The GI report tackled the overall transparency in the military of 47 African countries with emphasis on risk of defence corruption while considering the political, financial, personnel, procurement and operations risks as well.
According to Sir Stewart Eldon, Senior Adviser at TI, the report scores each country from ‘A’ – the best – very low risk to F (the worst –critical risk) based on an assessment consisting of 77 questions.
“Ghana performs strongest in the areas of political and personnel risks, scoring ‘B’ and ‘D’ respectively. Its scores are weakest (‘B’ and ‘E’) for finance, operations and procurement.
“There is some existing good practice that Ghana should be able to build on to improve its systems…in some cases without much additional effort,” Sir Eldon stated.

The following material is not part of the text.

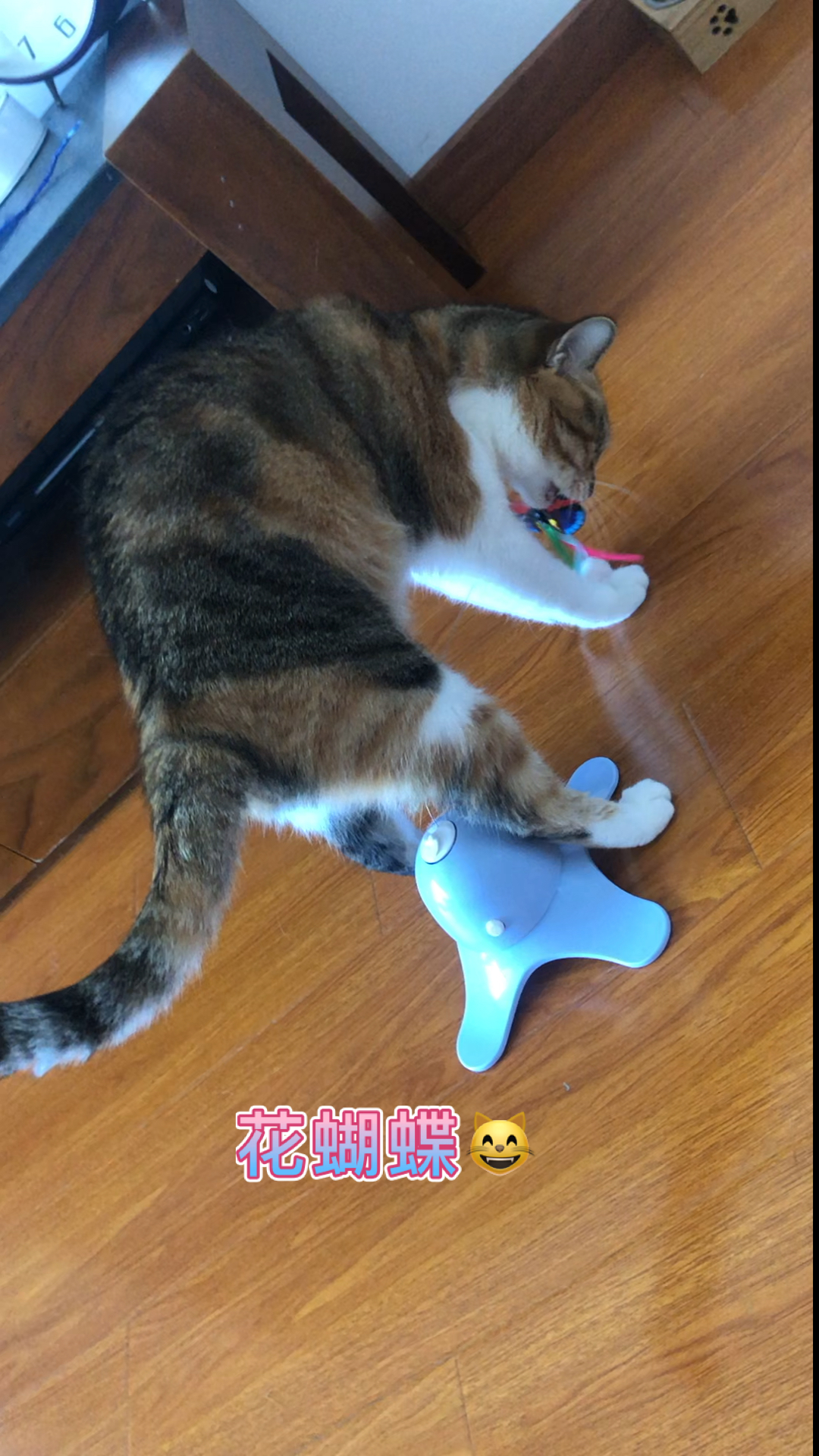 #宠物最可爱的样子#花蝴蝶真可爱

He added that corruption was undermining public trust in government and the armed forces, as well as posing a major threat to the success of operations.
“Defence spending has increased across the continent by 91 percent but institutional capacity is lagging. In many cases oversight functions exist in the form of anti-corruption bodies, audit functions, and or parliamentary committees, but defence institutions are largely exempt from scrutiny,” the TI Senior Adviser said.
Sir Eldon disclosed that increase in spending by the military was not necessarily enhancing state security, stating, “Too often procurement decisions are taken with little reference to strategic requirements; military effectiveness is eroded by poor controls, while forces are repurposed for commercial ends.”
He said in other states, oversight functions such as anti-corruption bodies, audit functions and parliamentary committees were growing in authority, representing positive institutional potential to hold the executive to account.
“But in many cases, defence matters are considered highly sensitive and evade vital scrutiny. This secrecy is often unjustified, and can be used to mask corruption, misuse and incompetence,” Sir Eldon said.
He urged the GAF to make their code of conduct publicly available in line with other good personal practice.